If you are trying to evaluate \(\displaystyle \lambda ^2 \int_0^{\infty}{x\,e^{x(i\,t - \lambda)}\,dx}\)

\(\displaystyle \lambda ^2 \int_0^{\infty}{x\,e^{x(i\,t - \lambda)}\,dx} = \frac{\lambda ^2}{i\,t - \lambda}\int_0^{\infty}{x(i\,t - \lambda)e^{x(i\,t - \lambda)}\,dx}\)

Now using integration by parts with

\(\displaystyle u = x\) so that \(\displaystyle du = 1\)

and \(\displaystyle dv = (i\,t - \lambda)e^{x(i\,t - \lambda)}\) so that \(\displaystyle v = e^{x(i\,t - \lambda)}\)

we find

\(\displaystyle \frac{\lambda ^2}{i\,t - \lambda}\int_0^{\infty}{x(i\,t - \lambda)e^{x(i\,t - \lambda)}\,dx} = \left(\frac{\lambda ^2}{i\,t - \lambda}\right)\lim_{\varepsilon \to \infty}\left[x\,e^{x(i\,t - \lambda)} - \int{e^{x(i\,t - \lambda)}\,dx}\right]_0^{\varepsilon}\)

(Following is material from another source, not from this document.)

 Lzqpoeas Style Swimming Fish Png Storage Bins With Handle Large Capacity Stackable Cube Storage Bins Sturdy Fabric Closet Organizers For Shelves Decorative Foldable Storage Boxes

\(\displaystyle =\left(\frac{\lambda ^2}{i\,t - \lambda}\right)\lim_{\varepsilon \to \infty}\left[x\,e^{x(i\,t - \lambda)} - \frac{e^{x(i\,t - \lambda)}}{i\,t - \lambda}\right]_0^{\varepsilon}\)

Can you finish?